**Exercise**. Using only the entries below, output the lines starting at the one containing "Belle + Sky" and ending at the one containing "World Post Day", exactly and inclusive of both, omitting the pictures.

**Supplied material**.

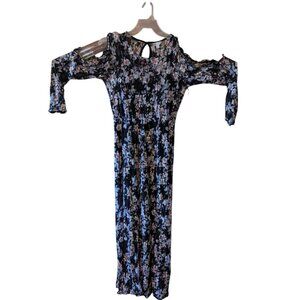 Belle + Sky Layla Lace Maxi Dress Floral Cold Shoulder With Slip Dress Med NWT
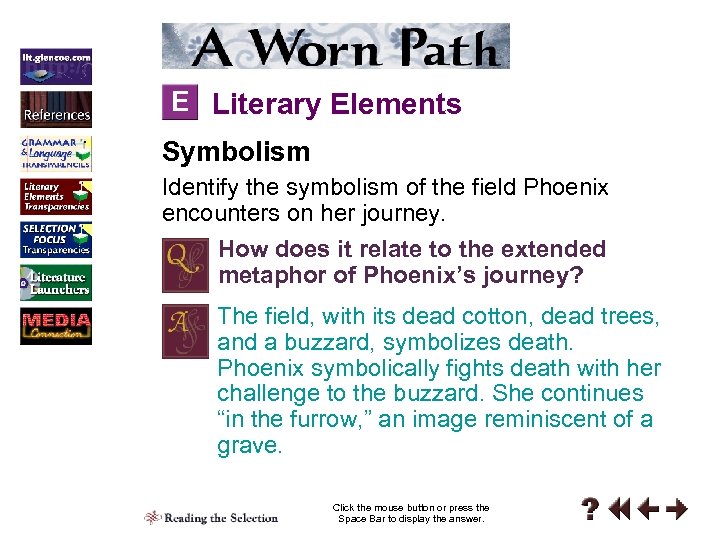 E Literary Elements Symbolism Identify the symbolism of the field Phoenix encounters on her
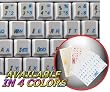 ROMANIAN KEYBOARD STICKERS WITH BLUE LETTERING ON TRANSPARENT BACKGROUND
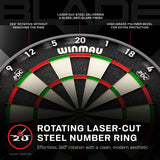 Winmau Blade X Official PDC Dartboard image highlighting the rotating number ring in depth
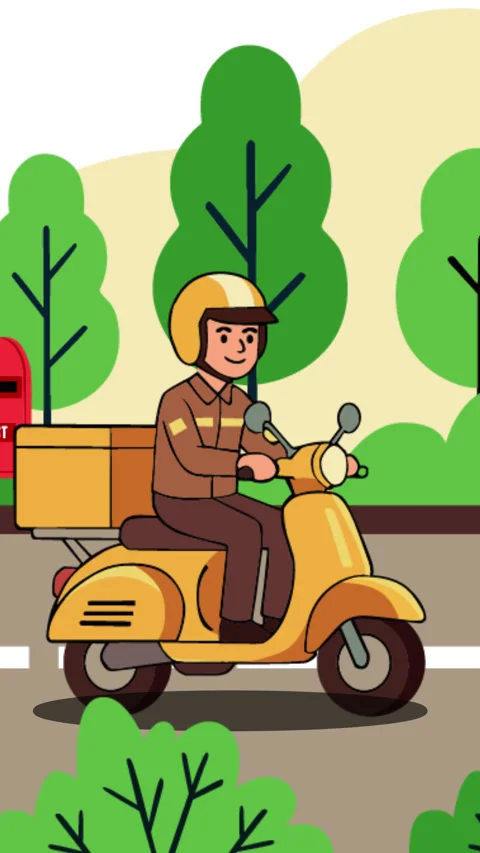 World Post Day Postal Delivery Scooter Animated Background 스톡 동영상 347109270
---
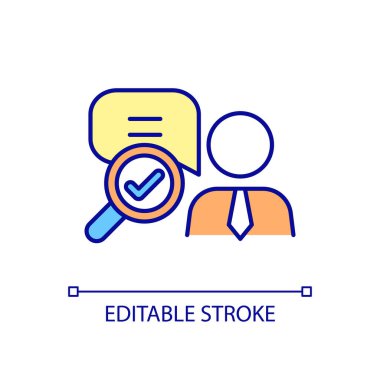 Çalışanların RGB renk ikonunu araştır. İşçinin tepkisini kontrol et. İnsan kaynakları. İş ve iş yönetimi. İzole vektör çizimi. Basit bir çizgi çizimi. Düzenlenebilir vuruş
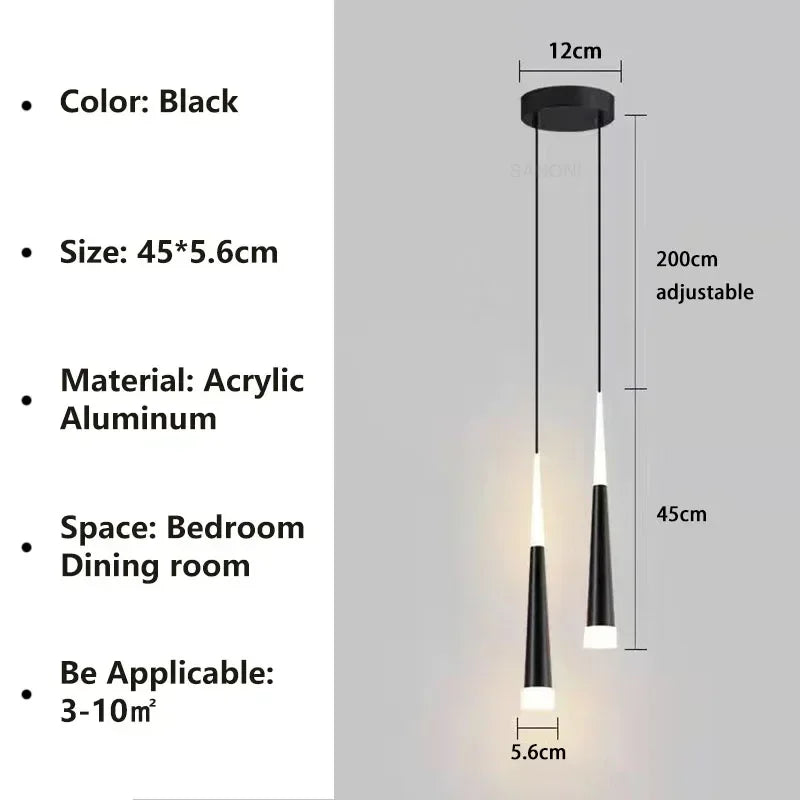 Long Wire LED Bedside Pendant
==
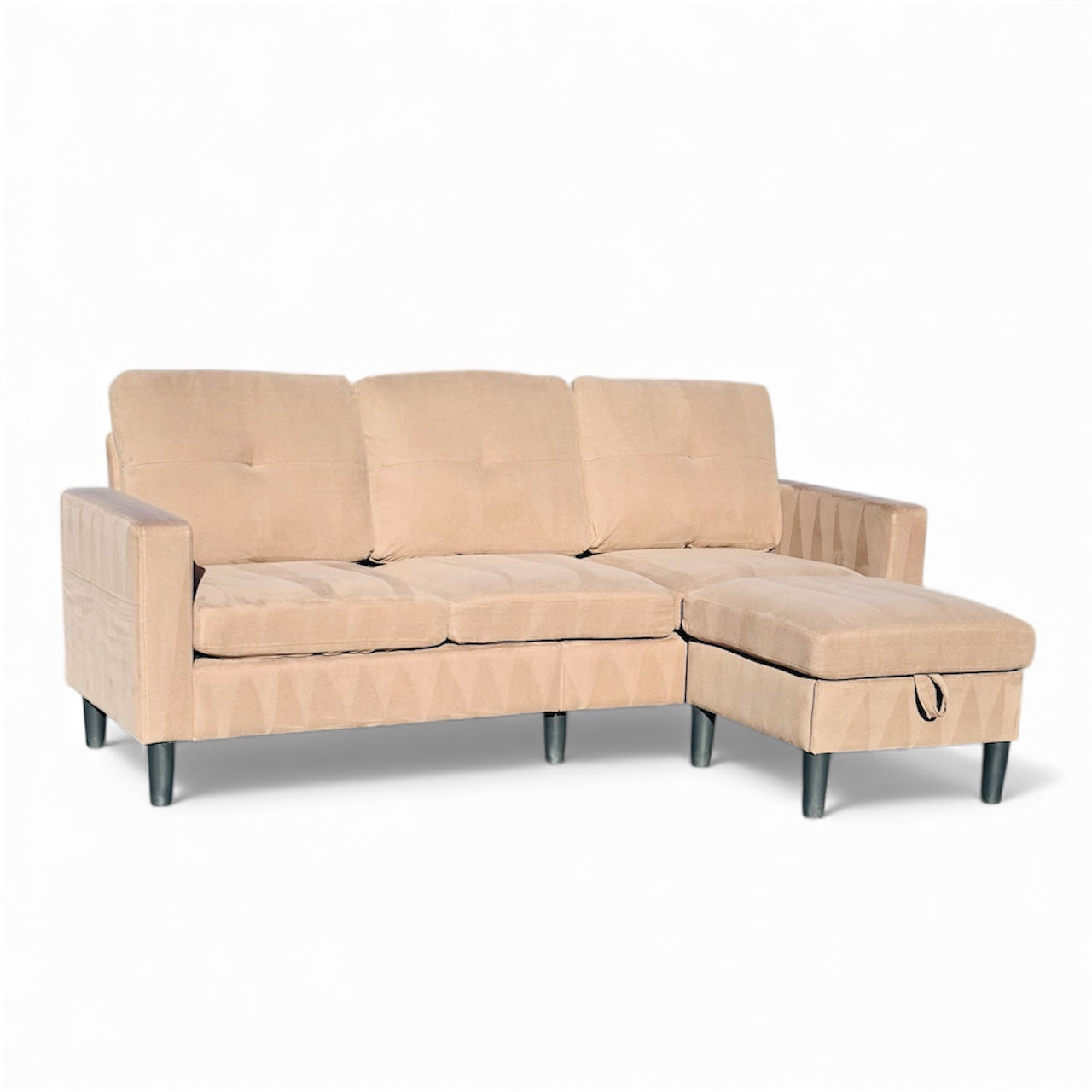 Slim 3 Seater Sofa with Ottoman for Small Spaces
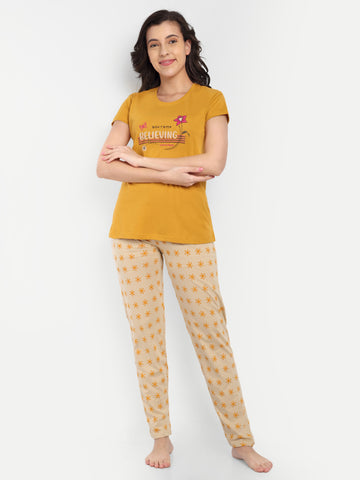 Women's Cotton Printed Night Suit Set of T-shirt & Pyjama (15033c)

**Completed task**.
 Belle + Sky Layla Lace Maxi Dress Floral Cold Shoulder With Slip Dress Med NWT
 E Literary Elements Symbolism Identify the symbolism of the field Phoenix encounters on her
 ROMANIAN KEYBOARD STICKERS WITH BLUE LETTERING ON TRANSPARENT BACKGROUND
 Winmau Blade X Official PDC Dartboard image highlighting the rotating number ring in depth
 World Post Day Postal Delivery Scooter Animated Background 스톡 동영상 347109270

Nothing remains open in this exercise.